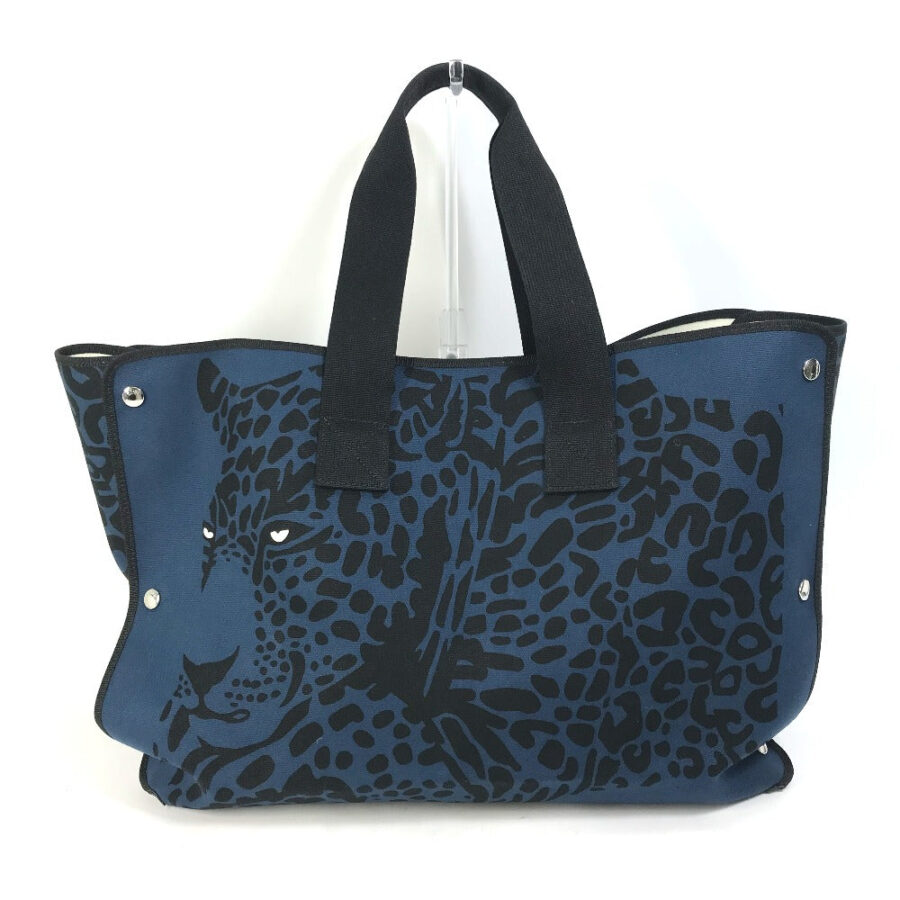 HERMES Tote Bag canvas Navy Shoulder Bag Shoulder Bag Leopard leopard leopard | Studio Nafay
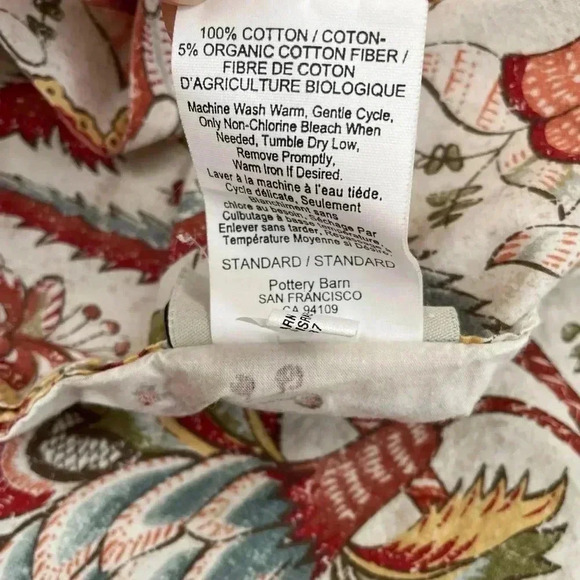 Pottery Barn Floral Duvet King With 2 Standard Shams- Red Blue Floral, EUC - Picture 4 of 12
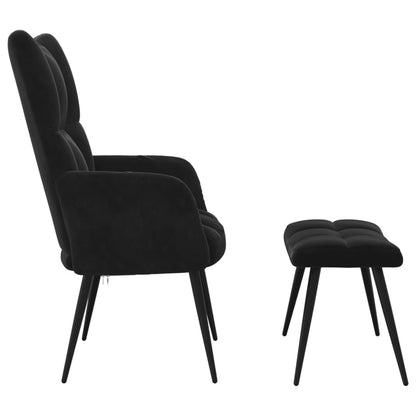 Relaxsessel mit Hocker Schwarz Samt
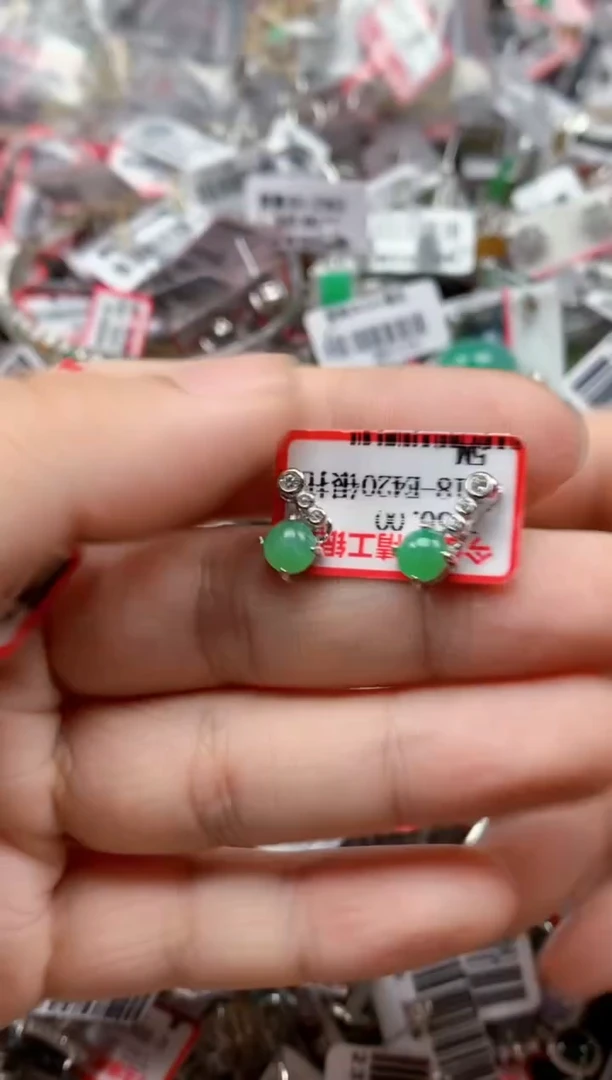 银S925镶嵌戒指翡翠天然A货缅甸翡翠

→ Exercise: Make an exact copy of the listing above, omitting the pictures.

→ Expected answer:
 HERMES Tote Bag canvas Navy Shoulder Bag Shoulder Bag Leopard leopard leopard | Studio Nafay
 Pottery Barn Floral Duvet King With 2 Standard Shams- Red Blue Floral, EUC - Picture 4 of 12
 Relaxsessel mit Hocker Schwarz Samt
 银S925镶嵌戒指翡翠天然A货缅甸翡翠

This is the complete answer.